Era stata omessa anche quella comunicazione, prevista dall'art. 116 L.F., che è obbligatoria nei confronti dei creditori soggetti a verificazione.
La censura è inammissibile, perché della duplice ratio decidendi espressa dalla sentenza impugnata, viene contestata soltanto la prima, fondata sulla inesistenza dell'obbligo, per la curatrice, di comunicare e/o di pagare, mentre nessun argomento viene esposto a contrastare l'affermazione che il comportamento del RR, avendo costui a suo tempo verbalmente abdicato ad ogni pretesa creditoria ed omesso, poi, nel corso della procedura, ogni istanza di rimborso, aveva ingenerato nella curatrice il legittimo convincimento di una rinuncia alla restituzione: in sostanza, il difetto di colpa determinato dal comportamento del RR. Il ricorrente, nel contestare l'idoneità del proprio comportamento a costituire una valida rinuncia, non ha considerato che, secondo l'impugnata sentenza, il suo comportamento rilevava in quanto idoneo ad ingenerare uno scusabile equivoco.
È quindi superfluo ricordare che, secondo la prevalente giurisprudenza di questa Corte, anche chi si assume creditore in prededuzione deve, se non ottiene decreto autorizzativo ai sensi dell'art. 111 L.F. insinuarsi al passivo ai sensi degli artt. 93 o 101 L.F., sottoponendo quindi la propria pretesa alla verifica endo fallimentare (Cass. 8111, 8031/2000; 83, 1356, 12670/1999) e che, corrispondentemente, l'avviso di rendiconto e di riparto finale è dovuto, ai sensi dell'art. 116 L.F., solo a chi risulti creditore in esito alla procedura di verificazione. Per quanto già esposto, infatti, i rilievi di illogicità e contraddittorietà con cui il ricorrente investe tali argomenti sono del tutto inconferenti, perché non viene impugnato il secondo, autonomo, argomento fondante.
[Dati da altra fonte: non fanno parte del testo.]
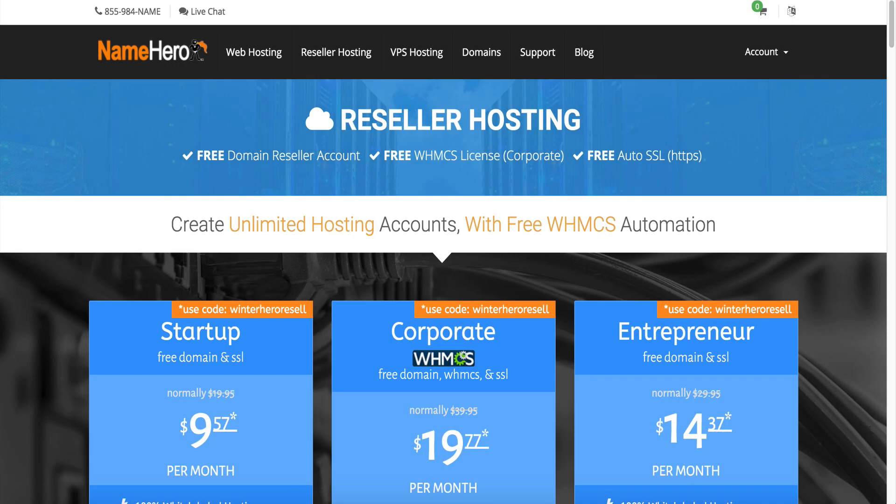Hi everyone and welcome to NameHero.com. In this video I want to show you how to reset your WHMCS admin password. Here at NameHero we consider ourselves the leaders in reseller web hosting as we offer the WHMCS license complimentary with our corporate reseller package.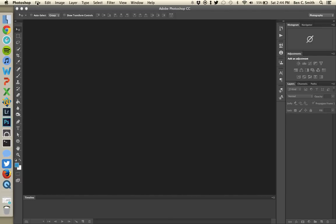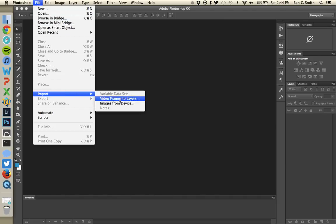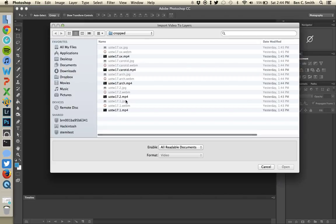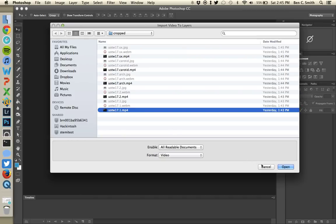The first thing you want to do is go to File, then Import, then Video Frames to Layers. This opens up a new dialog. You want to select your ultrasound clip — I've got a really good ultrasound clip of aortic regurgitation — so I'm going to select that and click Open.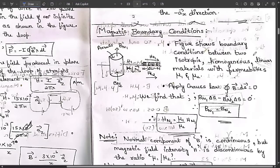Hello everyone. Welcome to this session. Till now we have discussed the concepts of magnetization, magnetic flux density, and all of them, both between differential current and winds, and we have seen a few problems related to them.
Col secondo motivo di censura si deduce la violazione ed erronea interpretazione dell'art. 1227.2 cc. nel sostanziale assunto che l'attività che il RR avrebbe dovuto svolgere per evitare il danno trascendeva la normale diligenza;
si nega altresì che il RR fosse a conoscenza dello stato della procedura e si esclude che il suo ritardo nella richiesta di pagamento fosse apprezzabile come rinuncia.
Dei tre profili che la censura coinvolge, il primo risulta assorbito dall'inammissibilità della prima censura, perché il difetto di diligenza del creditore nell'evitare il danno presuppone l'affermazione di una condotta lesiva della curatrice;
il secondo ed il terzo risultano parimenti inammissibili, perché contestano argomentazioni della sentenza impugnata non determinanti ai fini del decidere. Le spese seguono la soccombenza.
P.Q.M.
dichiara inammissibile il ricorso e condanna il ricorrente alle spese, che liquida in complessive lire 4.092.000 di cui lire 4.000.000 per onorari.
Così deciso in Roma, il 22 settembre 2000.
Depositato in Cancelleria il 2 febbraio 2001.